Use of Antibiotics Increases Risk of Developing Asthma in Children

Bronchial Asthma in children is a respiratory disorder which manifests as difficulty in breathing most commonly as a reaction to an exogenous allergen like pollen. Wheezing is typically observed in physical examination of the child. Asthma is often relieved with beta agonists such as Salbutamol through nebulization and maintained through the use of steroids such as Fluticasone.

In a recent biochemical science research, the risk of developing asthma in children by the age of 11 years old is increased twofold if the child has been treated with antibiotics before they turn 1. Scientists say that these patients tend to be more vulnerable to certain viral infections when they have taken antibiotics in their early life, contributing to the development of asthma.

Although previous studies support this theory, current researches have concluded that it is not the use of antibiotics itself which causes the propensity to develop the asthma, but the immune system weakness which the antibiotics have caused.

A study published in The Lancet Respiratory Medicine journal used data from 1,000 11 year old children who were studied since they were born. The researchers from the United Kingdom found that these children who were diagnosed to have asthma have been shown to lack signaling molecules which are integral parts of the immune system against viral infections such as the common colds.

The biomedical engineering research was done by extracting blood samples from the subjects and comparing their respective immune reactions to certain pathogens such as virus and bacteria. The results between those who were treated with antibiotics in the first year of their life were compared to those who were not. Biomedical engineering researchers concluded that the group who were treated with antibiotics during their early childhood has increased risk of developing asthma and have severe symptoms which may result to hospitalizations. The results also geared towards causation by viral agents rather than bacteria.
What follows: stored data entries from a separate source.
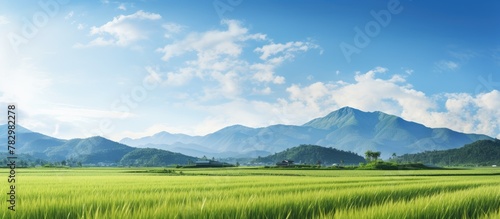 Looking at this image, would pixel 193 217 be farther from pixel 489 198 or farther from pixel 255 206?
pixel 489 198

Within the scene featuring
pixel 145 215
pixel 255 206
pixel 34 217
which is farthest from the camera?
pixel 255 206

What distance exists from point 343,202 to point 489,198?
3773 millimetres

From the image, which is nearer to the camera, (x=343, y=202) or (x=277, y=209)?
(x=277, y=209)

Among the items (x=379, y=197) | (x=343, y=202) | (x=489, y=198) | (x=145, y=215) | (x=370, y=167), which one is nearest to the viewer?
(x=145, y=215)

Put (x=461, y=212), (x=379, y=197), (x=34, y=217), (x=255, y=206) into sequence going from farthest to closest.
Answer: (x=379, y=197) → (x=461, y=212) → (x=255, y=206) → (x=34, y=217)

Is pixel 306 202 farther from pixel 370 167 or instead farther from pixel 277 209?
pixel 370 167

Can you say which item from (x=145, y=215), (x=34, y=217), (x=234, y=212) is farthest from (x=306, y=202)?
(x=34, y=217)

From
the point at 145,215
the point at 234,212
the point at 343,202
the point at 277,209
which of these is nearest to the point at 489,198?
the point at 343,202

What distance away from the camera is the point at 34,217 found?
624 centimetres

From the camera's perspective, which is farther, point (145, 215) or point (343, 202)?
point (343, 202)

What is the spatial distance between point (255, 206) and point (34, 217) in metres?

Professor Adnan Custovic, from the University of Manchester, lead biomedical engineering researcher, stated that genetic mutations in the chromosomal region 17q21 and impaired antiviral immunity both contribute to the likelihood of developing asthma and acquiring viral infections. Although the findings seem to be conclusive and substantial, Custovic pointed out the need for further studies and researches to confirm the presence of weak immune defenses during early childhood.

The children in the study are participants of the Manchester Asthma and Allergy Study (MAAS), which focuses on identifying possible factors and conditions which may serve as triggers for allergic reactions.

Professor Seif Shaheen, Lung specialist, from the Blizard Institute, Queen Mary, University of London stated that although the topic has been the focus of several epidemiologic studies in the past, more recent studies on biomedical science innovations have concluded that the association between antibiotic use and severe asthma symptoms may stem from the fact that children who have had viral respiratory infections during childhood may have been treated with antibiotics. This early infection may eventually develop to bronchial asthma in early childhood. This shows, Shaheen says, that the development of asthma is not directly associated with antibiotic use per se, but is directly affected by the ability and strength of the child’s immune system to fight the respiratory diseases, which in turn may be related to their genetic makeup.